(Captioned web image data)
· · · · ·
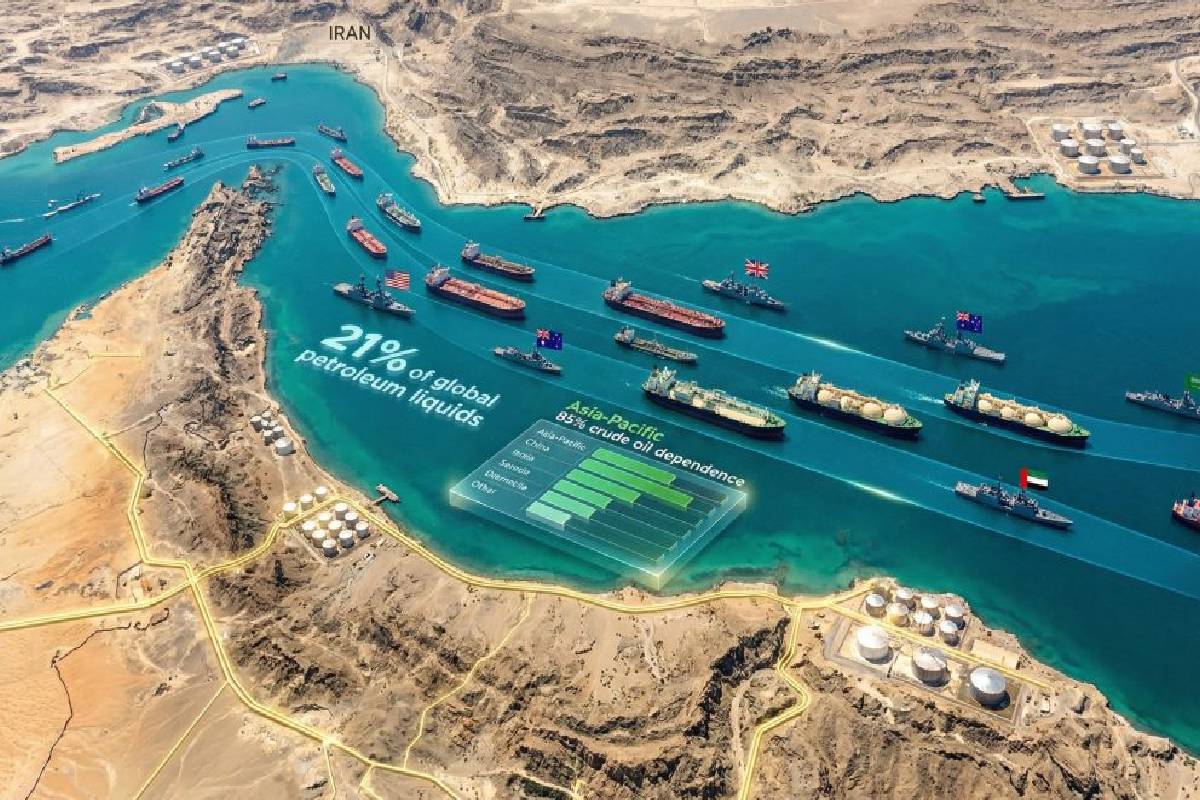 உலக எரிசக்தி பாதையில் நெருக்கடி ; ஹோர்முஸ் நீரிணை பாதுகாப்பு உறுதி அவசியம் | Ensuring Security Strait Of Hormuz Is Essential உலக எரிசக்தி பாதையில் நெருக்கடி ; ஹோர்முஸ் நீரிணை பாதுகாப்பு உறுதி அவசியம் | Ensuring Security Strait Of Hormuz Is Essential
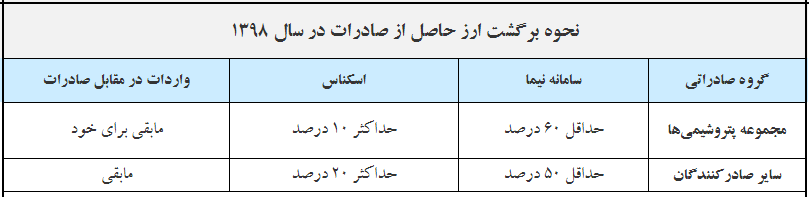 چگونگی رفع تعهدات ارزی ۹۷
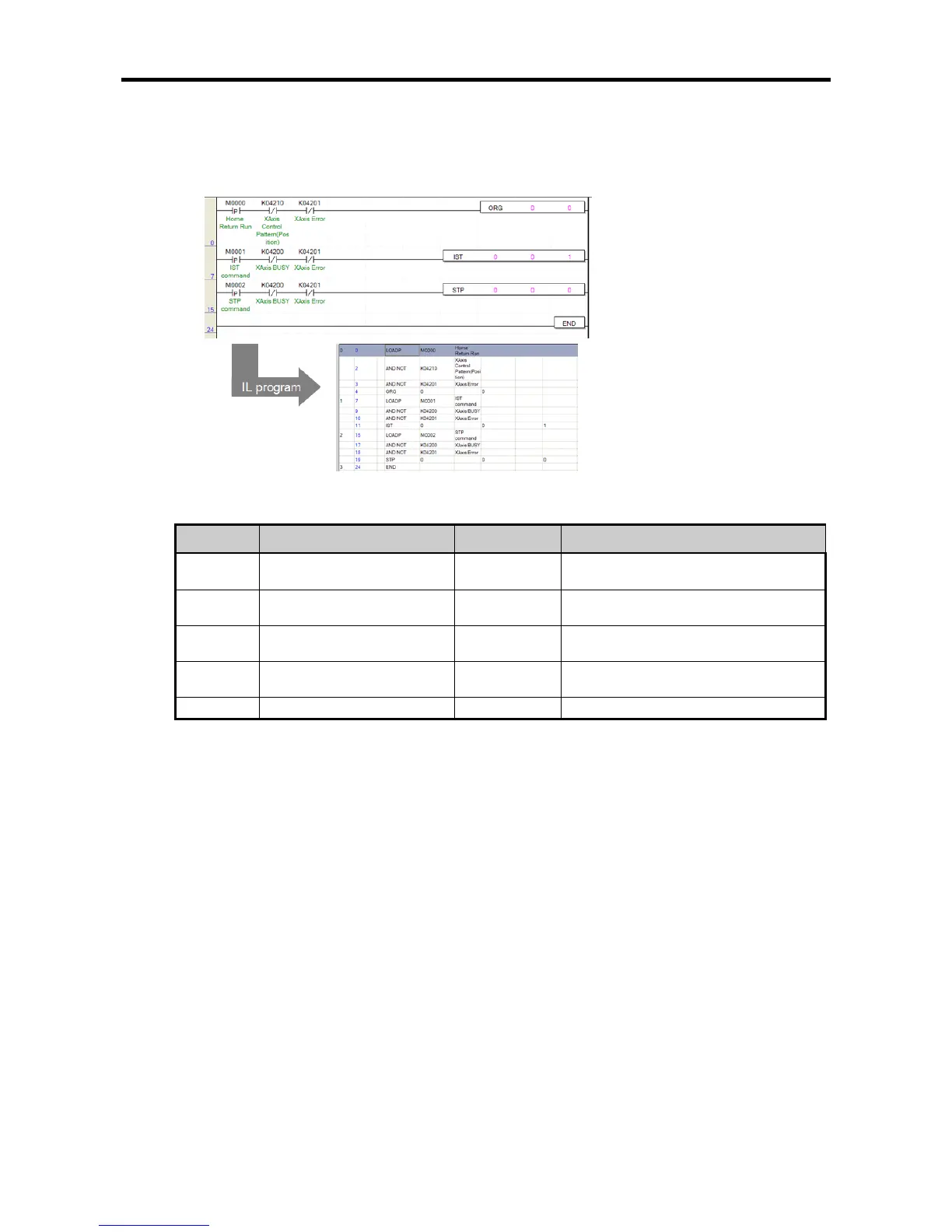 Page #124 background image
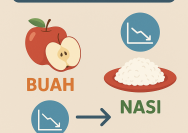 Buah Dulu Baru Nasi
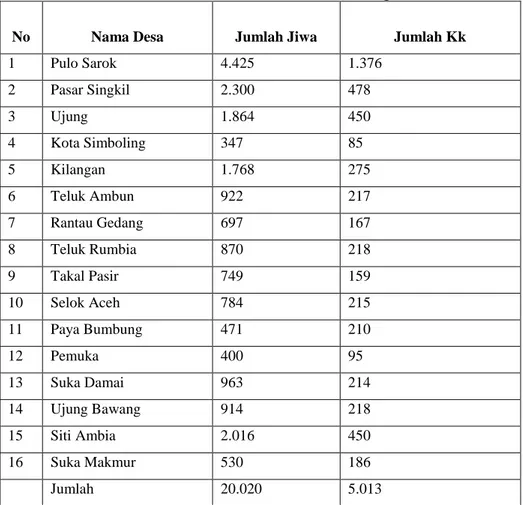 Table 4.2: Jumlah Desa, Jiwa dan Kk Kecamatan Singkil Tahun 2016  No  Nama Desa  Jumlah Jiwa  Jumlah Kk 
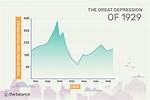 How Did the Economic Depression After World War I Affect Governments in Latin America?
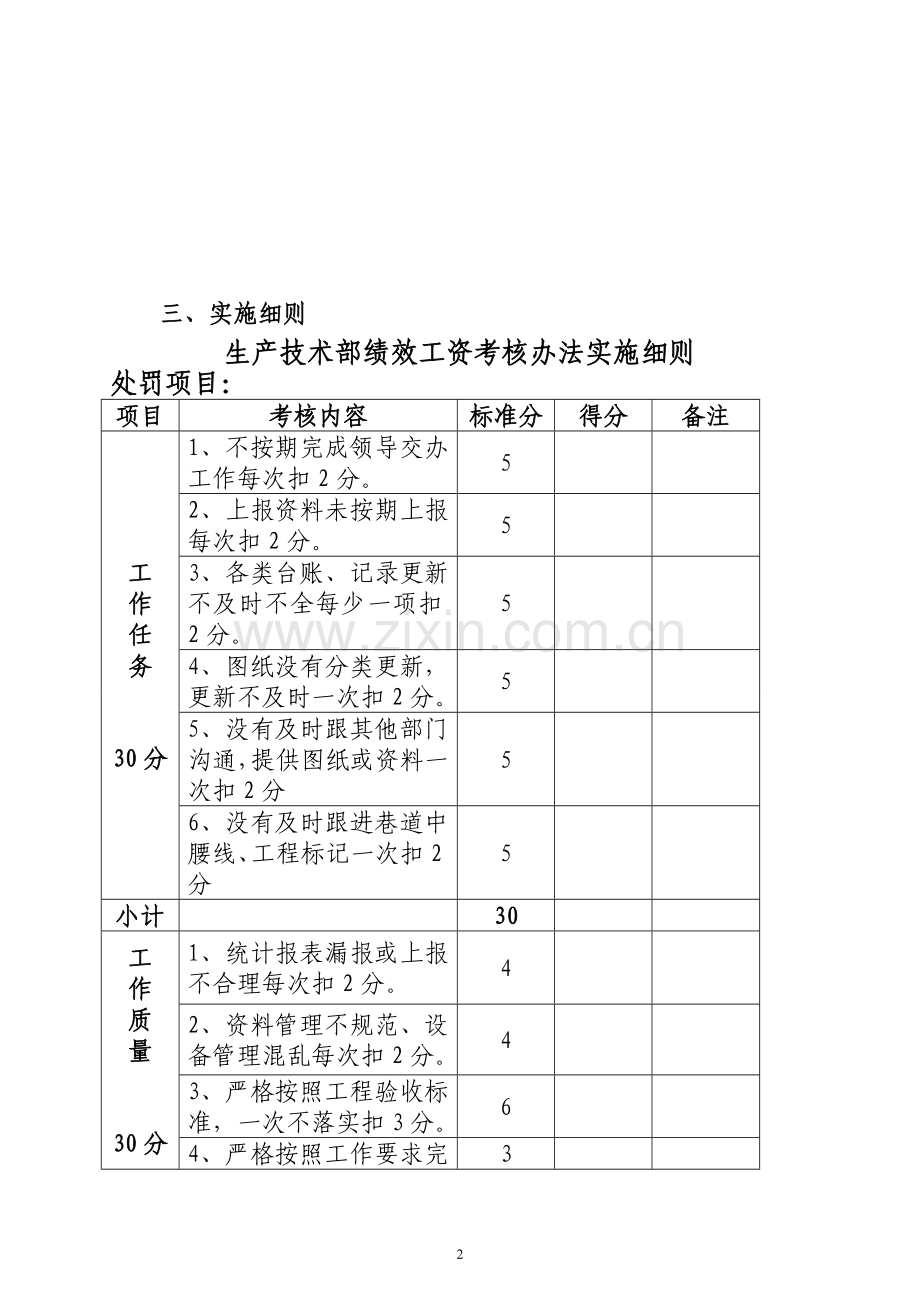 生产技术部绩效工资考核办法实施细则.doc_第2页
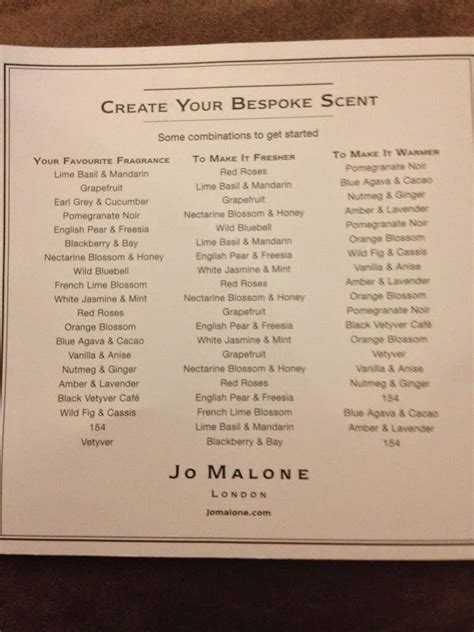 celine roux|jo malone fragrance combining chart.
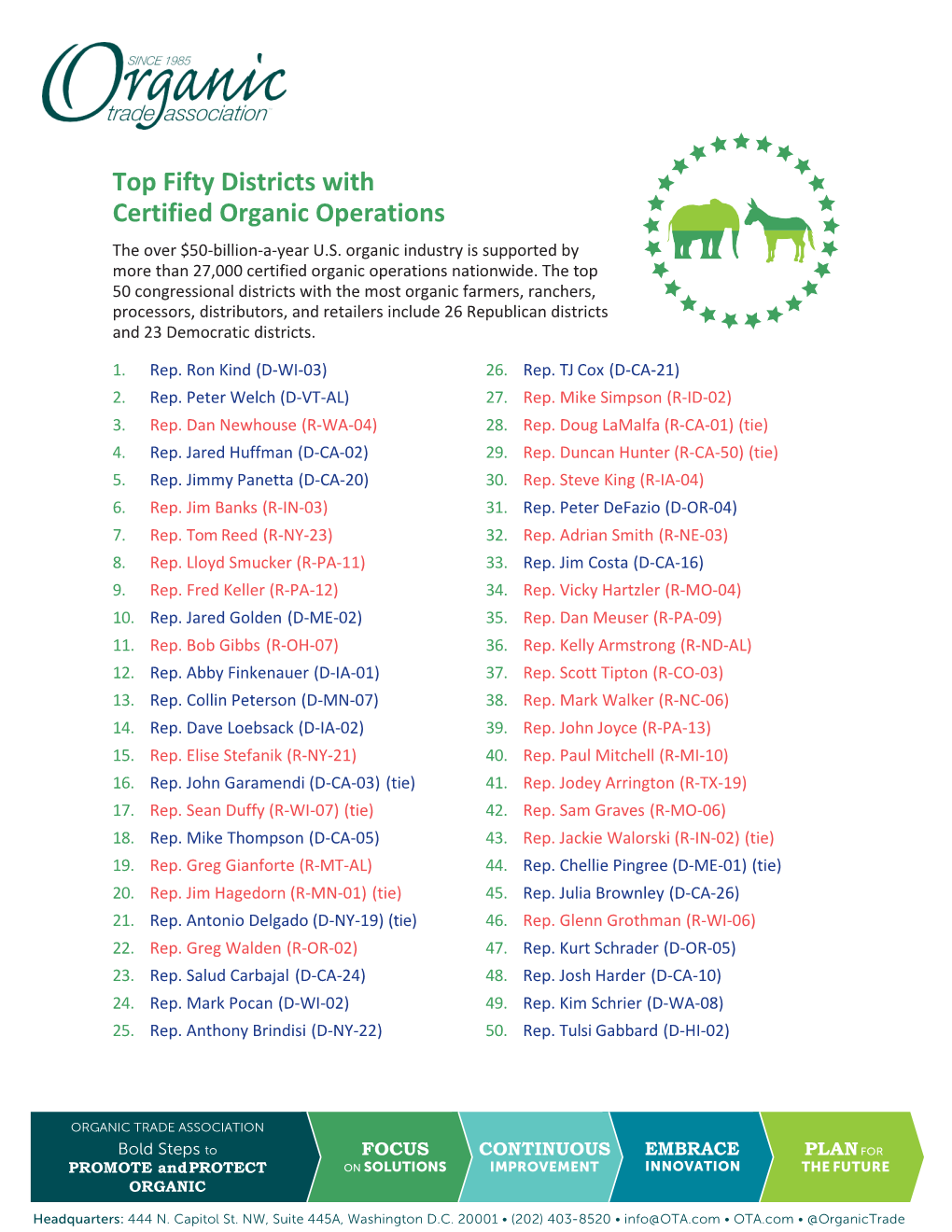 Top Fifty Districts with Certified Organic Operations the Over $50-Billion-A-Year U.S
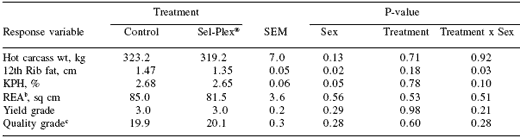 Redefining selenium nutrition using organic selenium: defining maximal acceptable tissue residues in beef - Image 6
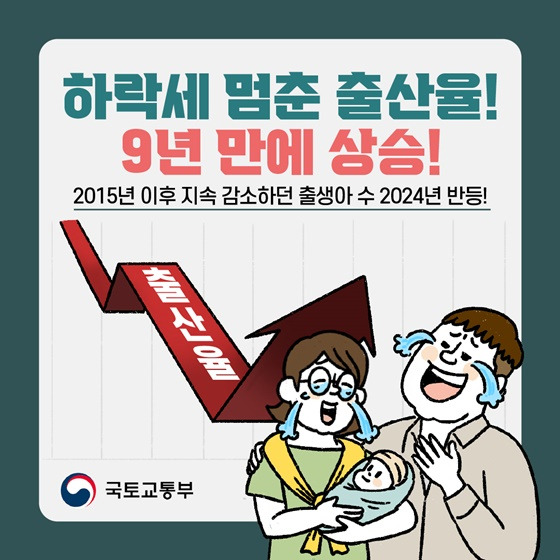 기뻐하는 가족의 모습과 함께, 출산율 상승을 나타내는 그래프가 강조되어 있습니다.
· · · · ·
YOUR GOAL: Your task is to reproduce exactly the lines running from the line that contains "Redefining selenium nutrition" to the end of the records, pictures excluded.

RESPONSE FOR THIS EXERCISE:
 Redefining selenium nutrition using organic selenium: defining maximal acceptable tissue residues in beef - Image 6
 기뻐하는 가족의 모습과 함께, 출산율 상승을 나타내는 그래프가 강조되어 있습니다.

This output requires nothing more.